Academic Year 2019/2020

  • Teaching Mode: Traditional lectures
  • Campus: Bologna
  • Corso: Second cycle degree programme (LM) in History and Oriental Studies (cod. 8845)

Learning outcomes

At the end of this course, the student should acquire a critical knowledge of the original characters of the culture and society of the High Middle Ages (V-X centuries) by applying the appropriate tools and highlighting the differences and peculiarities of the previous and subsequent ages. He should be able to communicate in written and/or oral form, accurately documenting the conclusions of his own historiographic path.

Course contents

Climate, environment, economy in the early Middle Ages.

Productive forms: the interaction between economic culture and environmental conditions.

Early medieval economy has a particularly complex character, intertwining the economy of the forest and pastures and the agricultural one, with original methods compared to other eras, both previous and later. This is the result of a particularly complex economic structure, careful to enhance - without any cultural bias - all environmental resources. But this economic and cultural structure has in itself close links to the environmental and climatic conditions, which give the landscape characteristics that are peculiar to this era.

The course will examine written and archaeological sources on the double track of economic history and environmental history. Outline of the topics covered:

- Man and environment in the high Middle Ages

- Climate constraints and cultural choices

- Land work and forestry resources

- Men facing famine

Readings/Bibliography

Attending students will have specific readings in order to prepare their own papers.

*

Not attending students will have a written and an oral test.
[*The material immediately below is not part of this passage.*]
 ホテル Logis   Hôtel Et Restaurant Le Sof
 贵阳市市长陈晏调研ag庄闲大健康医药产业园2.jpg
Written test will be based on S. Gasparri, C. La Rocca, Tempi barbarici. L'Europa occidentale tra antichità e Medioevo (300-900), Roma, Carocci, 2012.

For the oral test, they will study these books:

V. Fumagalli, Paesaggi della paura. Vita e natura nel Medioevo, Bologna, Il Mulino, 2006.

Teaching methods

The course will have a seminar format and will be structured along 15 lessons of two hours each. It requires a regular attendance and an active involvement of the students.
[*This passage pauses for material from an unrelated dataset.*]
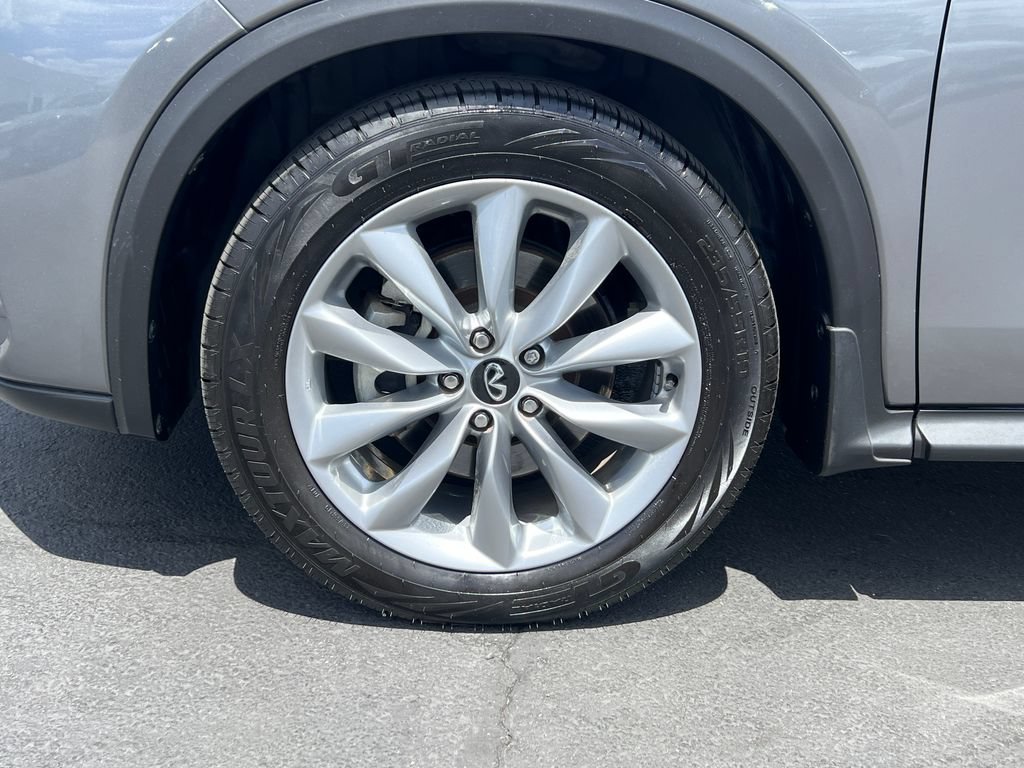 Used 2020 INFINITI QX50 Luxe w/ Navigation Package AWD/4WD image 6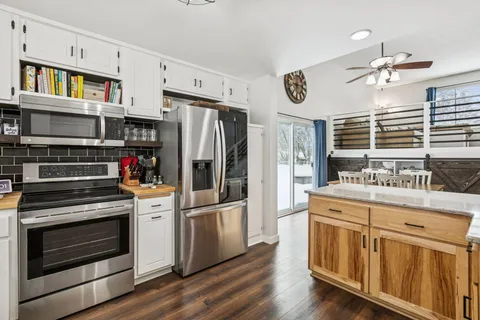 $389,900 | 11795 100th Place North, Maple Grove, MN 55369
After some introductive lectures, readings will be proposed to understand the topic in its complexity, on a European dimension (therefore, not always in Italian language). Readings will be compulsory made during the course, in order to ensure a good collective discussion of the contents.

Finally, some lessons will be devoted to reading, cataloging and interpreting written sources.

Assessment methods

The course constitutes, together with Storia dell’Europa medievale, the integrated course Origini dell'Europa and therefore the final exam is conceived as unique.

Students attending both courses will prepare a paper that will be the only final test of the integrated course.

Final assessment will be based both on the completeness and accuracy of the work, and the ability to expose critically the topics.

*

Not attending students will take only one written test, common for both courses, followed by an oral test: the two tests can be taken in the same scheduled exam date but it’s also possible to take the oral test in a succeeding scheduled exam date.

To access the oral exam, students need to have taken the written test and to have passed it with a score of minimum 18/30.

The written test will verify the knowledge gained through the manual and consists of five open-ended questions which requires correct and concise answers (the first one, with a score from 0 to 10; the others with a score from 0 to 5). The best possible result is 30/30.

The oral exam, also common to both courses, will be a free conversation to verify the knowledge of chosen books.

The maximum score assigned for the oral test is 30/30. For the evaluation, language skills, understanding of the discussed issues, ability to propose connections among the various topics will be taken into account.

The final score will come out from the average between the results of the written and the oral test. A word of praise can be added at the discretion of the teacher.

Teaching tools

The University's repository will be used for the distribution of teaching tools: power points for the synthesis of lesson contents, pdf files of sources and further readings.